SUPPLIED INFORMATION:
=-=-=-=-=

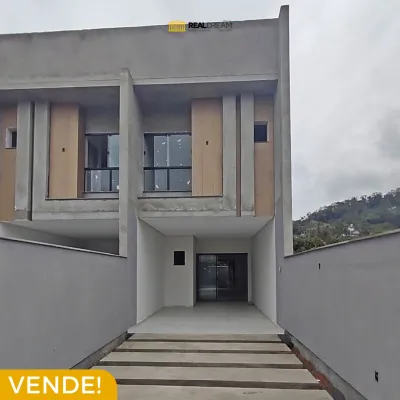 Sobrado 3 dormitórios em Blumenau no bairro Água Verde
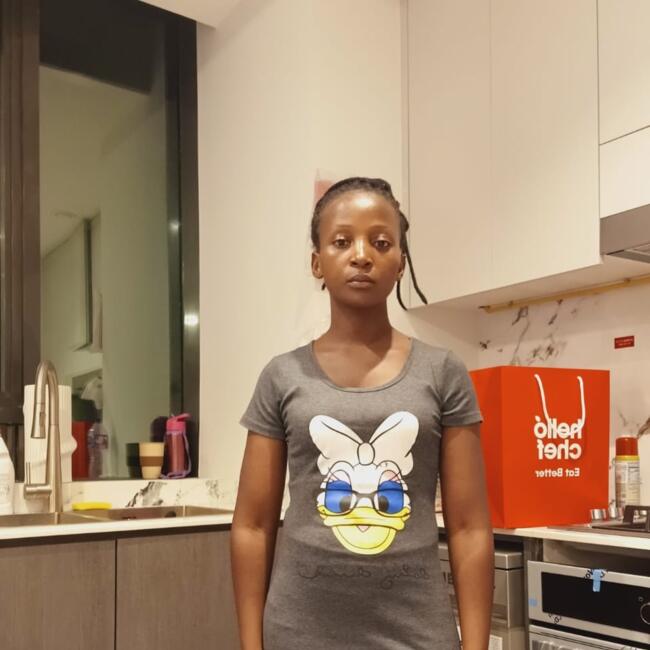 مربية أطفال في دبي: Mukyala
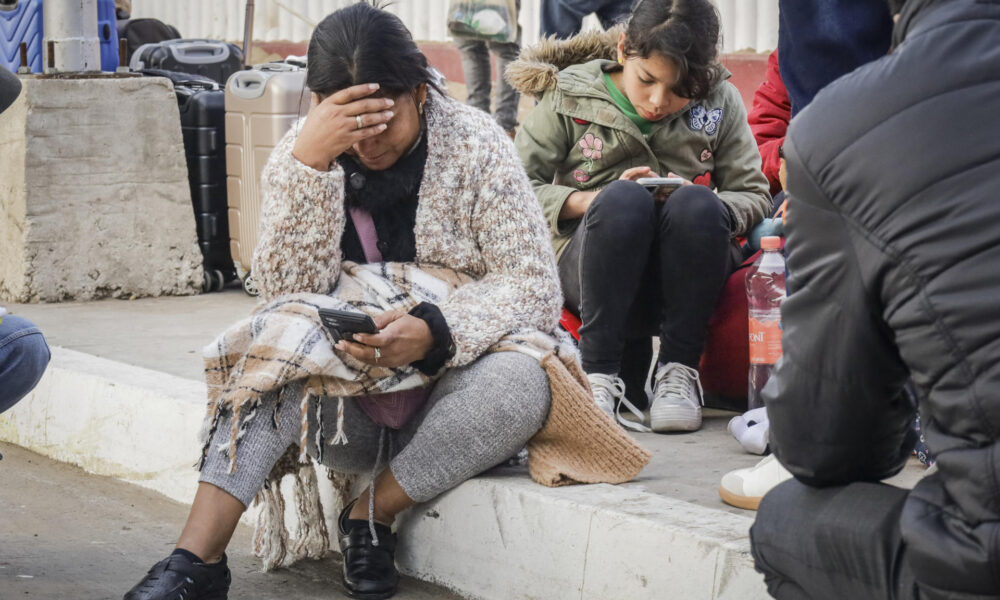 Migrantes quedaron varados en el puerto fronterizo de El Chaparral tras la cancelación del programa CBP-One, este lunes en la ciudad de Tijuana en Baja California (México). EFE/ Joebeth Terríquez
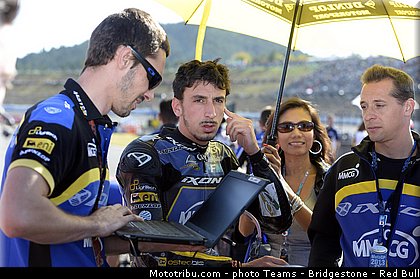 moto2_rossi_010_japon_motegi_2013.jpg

=-=-=-=-=

DIRECTIONS: Which lines run from the one containing "مربية أطفال في دبي: Mukyala" to the end of the data above? Set down those lines exactly, and only those, without any pictures.

ANSWER BOX:
 مربية أطفال في دبي: Mukyala
 Migrantes quedaron varados en el puerto fronterizo de El Chaparral tras la cancelación del programa CBP-One, este lunes en la ciudad de Tijuana en Baja California (México). EFE/ Joebeth Terríquez
 moto2_rossi_010_japon_motegi_2013.jpg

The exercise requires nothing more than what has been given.